If you’re new to the world of kayaking, you might be overwhelmed with the sheer number of kayaks there are available on the market. On top of that, you might not even know what to look for in a kayak.
To get you started on finding the option that’s best for you, we’ve researched and reviewed the best kayaks for beginners.
We waded through 25 different kayaks, testing stability, space and usability. After hours of testing and more dips in the water than we’d like to admit, we landed on the Ocean Kayak Scrambler 11 as the best kayak for beginners for 2018. This boat offers comfortable seating and greater stability so you feel confident on the water.
Out of all the hobbies you can choose to fill your free time, kayaking has become one of the more popular options. It gives you an opportunity to reconnect with nature and meet new people. Choosing the right kayak to fit your needs and budget is important to get the most out of this fulfilling activity.
Check out our list of the other top kayaks below, as well as our kayak buying guide for beginners, which outlines some of the most critical features you should consider when making your choice.
- The Top Beginners Kayaks
- Beginners Kayak Buyer’s Guide
- Top Beginners Kayak Questions Answered
The Best Kayaks for Beginners of 2018
#1 Ocean Kayak Scrambler 11 – Best Overall Kayak for Beginners
- Extra-stable design makes it easy to use in the water
- Included dry storage gives you room to store gear
- Included seat is both comfortable and adjustable
- Durable construction
- Heavier than other kayaks
- Slower than other kayaks
- No accessories included
The Ocean Kayak Scrambler 11 is a great choice for recreationalists and beginners alike. While it doesn’t offer features for the pros, it provides everything you need to get started on a new kayaking hobby. It features an extra-stable design that gives beginners more room to make mistakes without the consequences. This added stability in the bow and stern also makes it easier for you to get back into the kayak when you inevitably tip over in the water as you are learning.
Learn More: Canoe vs Kayak Fishing
Unfortunately, this option sacrifices speed for that added stability, meaning you definitely won’t be the fastest kayaker on the water. However, if you’re just starting out, that might be for the best until you get more comfortable paddling.
This boat also includes a variety of convenience features that make it better to use while you’re out on the water. There’s a 6-inch dry storage compartment in the center console, along with webbing on either end of the kayak for more storage. It also features a cup holder molded directly into the hole right in front of the seat so you can bring your water bottle or other drinks with you out on the water.

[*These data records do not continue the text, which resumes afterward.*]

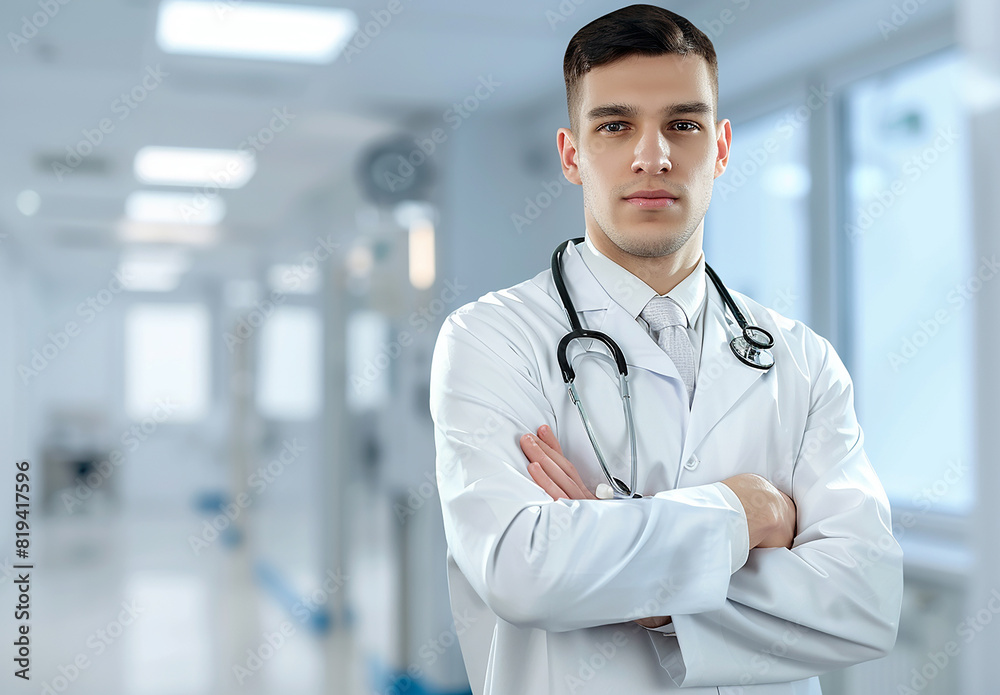 Photo portrait of young male doctor arms crossed and wearing a stethoscope Photo portrait of young male doctor arms crossed and wearing a stethoscope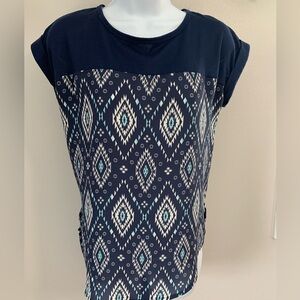 Rewind Blue and White Boxy Short Sleeve Tee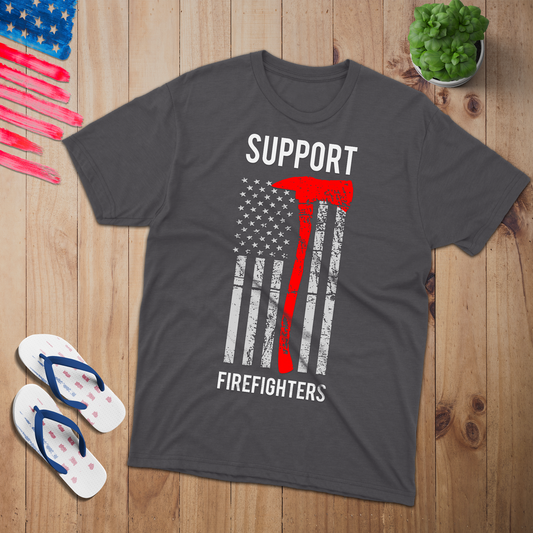 Support firefighters 100% USA Made Cotton T-Shirt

The Scrambler 11 doesn’t include any accessories other than the adjustable seat, which is very comfortable in its own right. If you don’t have a kayak paddle, you’ll need to purchase one before hitting the lake.
#2 Sun Dolphin Aruba – Best Value Kayak for Beginners
- More stability for higher ease of use
- Cockpit is large and comfortable
- Adjustable foot braces give you greater control
- Seat doesn’t adjust to your preferences
- Seat bottom is not padded
- Water tends to get in the cockpit on rough water
The Sun Dolphin Aruba offers high stability and ease of use for a low price. This is the perfect choice for beginners who don’t want to spend a ton on a new kayak, especially if they aren’t 100% sure paddling is the hobby for them.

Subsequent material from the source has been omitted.